Such an interesting topic, I typed a long time on it only to start fresh because I was veering too far from the point I think...

I just wonder Ginsan...
What do you think makes compassion desirable to some but not to others?

And also,
Why is it that a person can feel compassionate in some cases but not in others?

I keep thinking about the idea that two emotions exist only;  Love & Hate.
Break down every single emotion a person can feel, and its like they all come from one of these two states of mind.

I would say that compassion is clearly a luvthang, but what is it's hateful opponent I wonder...selfishness? Belligerence maybay?

Interesting too, how often I notice people speaking of anger as if it completely uncontrollable or involuntary. I personally am more inclined to say that you might not always be in control of your feelings, but surely a person is normally in charge of their actions right? If an angry person is not in control of their feelings NOR their actions, I can't help but wonder...

What ARE they doing in life then, besides breathing, hmm? 
Drifting, blown about by life like a leaf on a pond I guess..
I don't get it, can't relate.

To me compassion is a choice.
Much like happiness, it takes will to achieve sometimes.
And I guess there are many reasons why people could choose some other option, but I am so often disappointed by the lack of happiness an compassion I see in the world I live in, it really makes me wonder why that is.

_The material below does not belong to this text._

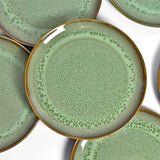 Grande assiette | Vert rivage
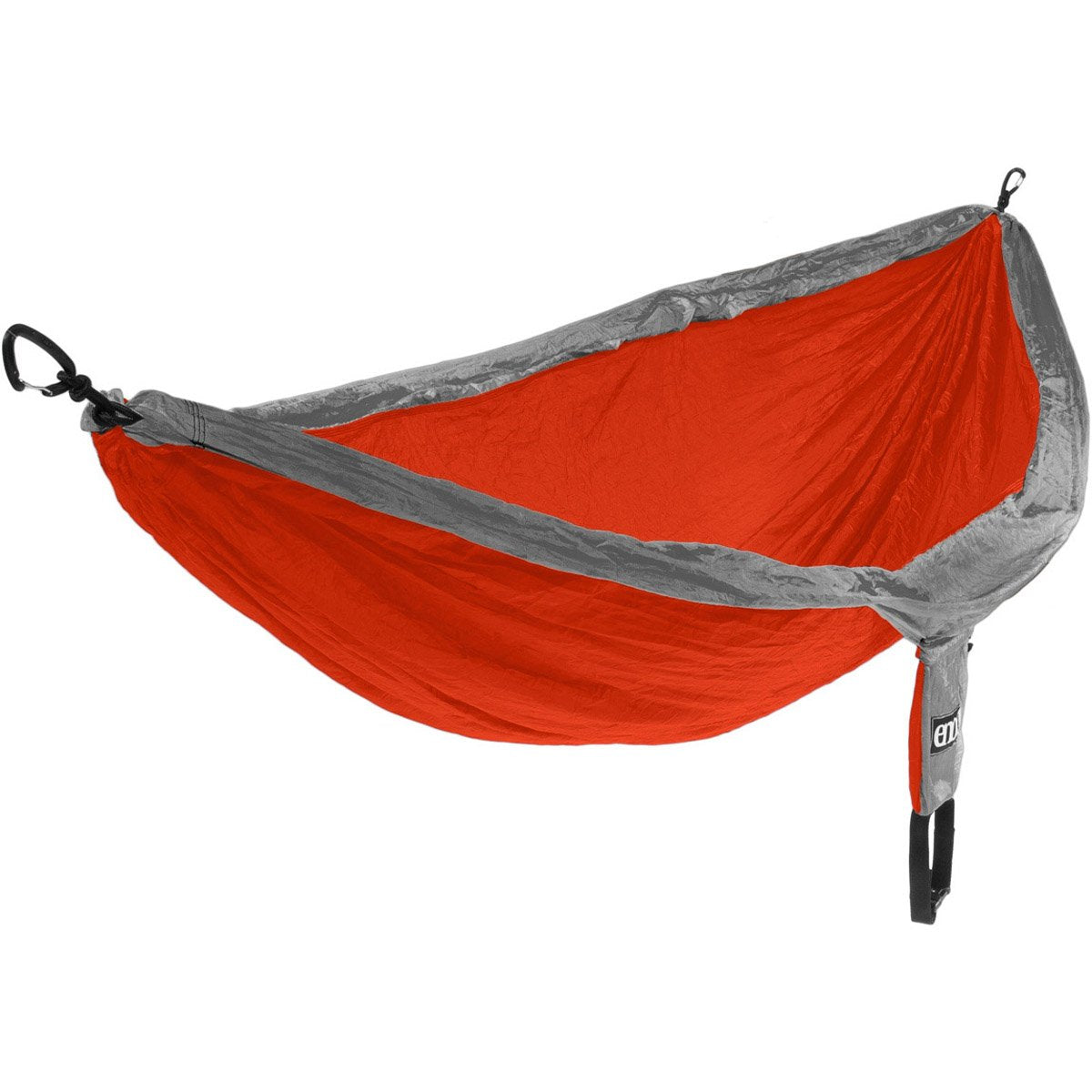 Eagles Nest Outfitters DoubleNest Hammock Orange/Grey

Surely people that do not show much compassion would feel slighted if it were not shown to them in their moment of need, right? Is this not obviously hyprocitical though? 

Similarly
Everyone loves to be happy I imagine, and would prefer others not harsh their mellow...but how often do you see people doing just that with no remorse whatsoever? As if that  person having a bad day means the whole WORLD deserves to have a bad day too, just be default.  Is that not INSANE? I don't get it...

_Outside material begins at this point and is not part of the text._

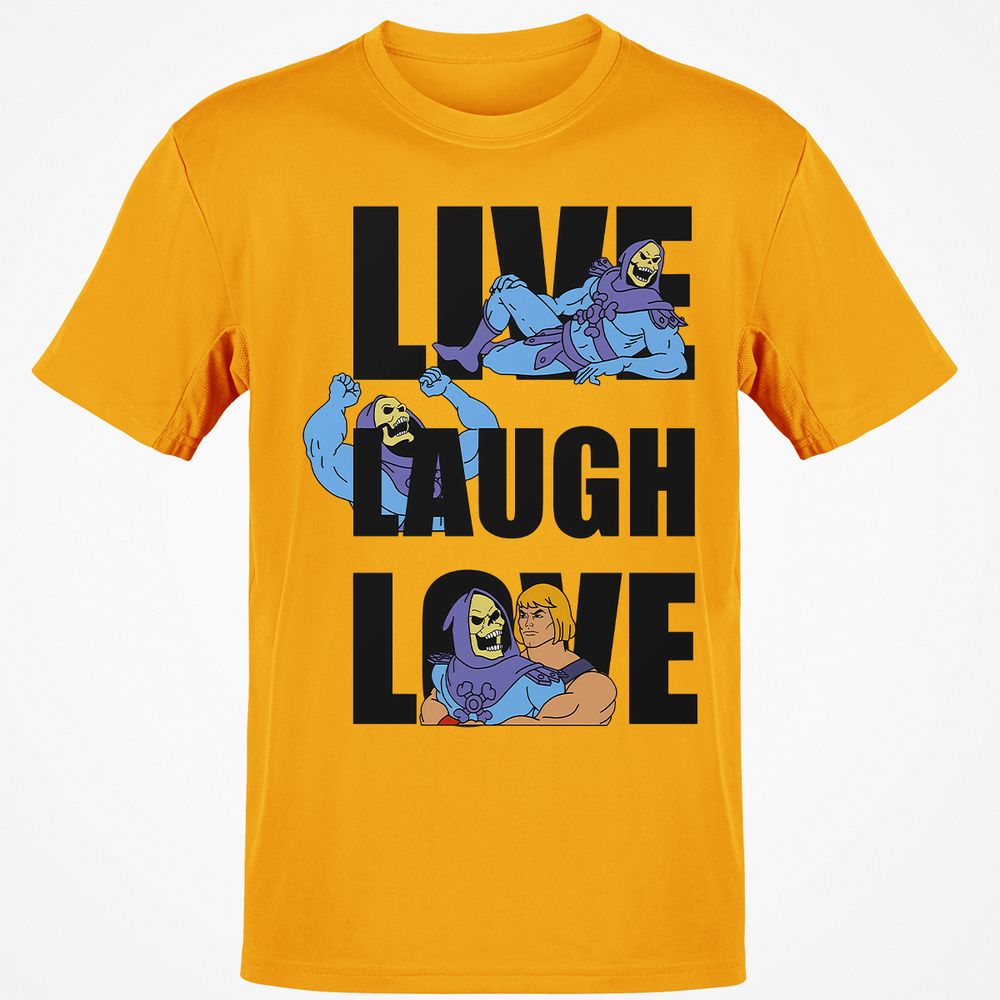 Classic Unisex T-Shirt - RZ42LX1Q - Gold - 4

BUT, another thing about compassion I like is that it doesn't have to always be some grand gesture to be appreciated. In fact the tiny simple things that people do for me that show compassion are the things I am moved by the most usually. Like when someone sees you struggling with a door and they hurry to help you...or like when I see someone looking sad I try to tell them jokes, to brighten them up. 

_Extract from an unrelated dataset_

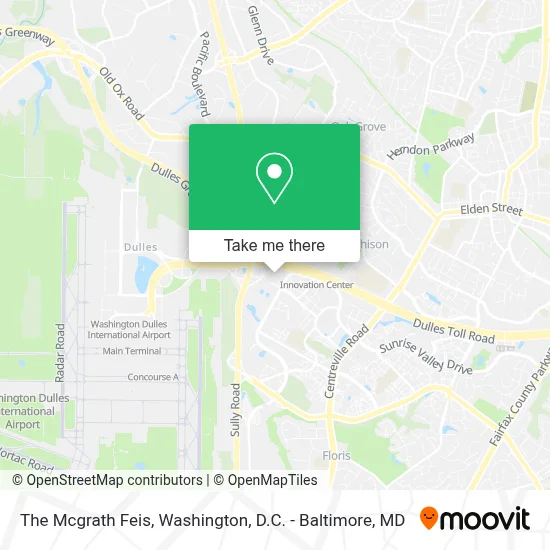 The Mcgrath Feis map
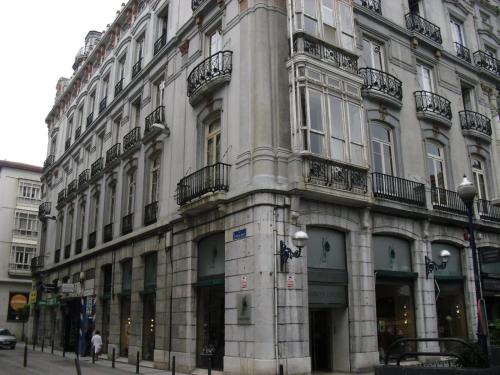 Imagen de los exteriores del Hotel Soho Boutique Palacio de Pombo. Foto 14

I figure everyone has their moments, so it's important to try to be there to give others a boost wherever you can. You'd want someone to for you, right? Even strangers deserve compassion too, just think how bad it feels when a stranger treats you insensitively, but how AWEsome it feels when they are just kind to you for no reason at all...

Except of course for the fact that it just makes the world a happier place to be in.
(And who in their right mind wouldn't be about that?)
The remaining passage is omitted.